What is Stunnel for?
Mastodon (specifically the Sidekiq component) cannot currently speak native TLS to Redis, meaning all of the traffic is over plaintext. While this isn't a deal breaker as the communication is happening over a private network, it's not ideal. Additionally, I wanted to use Digital Ocean's managed Redis offering instead of being responsible for this component myself. Digital Ocean does not permit you to disable TLS.
Stunnel creates a secure tunnel for the connection from Mastodon/Sidekiq to Redis, sidestepping Mastodon's lack of TLS unawareness. Mastodon actually thinks it's talking to a Redis instance running on localhost.
What does the Object Store do?
This is where all of the image, videos and other media that gets uploaded is stored. It also caches the media of federated instances that you interact with. There is a CDN (Content Delivery Network) that is managed by Digital Ocean that brings these large files closer to your location when you access them. That ability is further enhanced by Cloudflare.
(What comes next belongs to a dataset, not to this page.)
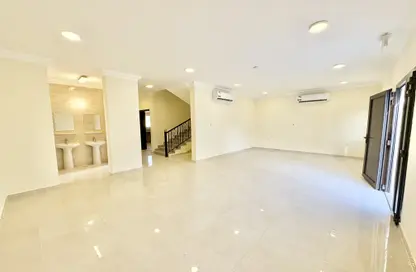 Villa - 6 Bedrooms - 6 Bathrooms for rent in Al Kheesa - Al Kheesa - Umm Salal Mohammed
What does Elastic Search provide?
When you search for content within the instance, Elastic Search is used to scan the content of your posts, and other posts you interact with so that you don't have to go hunting for it later. Without Elastic Search running you'd only be able to search by hashtags. Not all Mastodon instances have this available.
What is a pgBouncer?
pgBouncer manages the connection by the various worker/exec nodes, their various Sidekiq and Puma (web) threads, to the PostgreSQL database. This provides more flexibility in scaling up and managing connection counts. It effectively acts like a reverse load balancer for the PostgreSQL database.
Are you done?
Never. As we find betters ways to secure, scale, or provide resiliency -- we'll iterate. Even since launching last week, we've changed a few things around like using Stunnel for connection to managed Redis databases, and added Telegraf and InfluxDB for better telemetry of the infrastructure.
Honestly just making sure my site still works 🤭
Considering the news of the day, maybe I'll just blog more.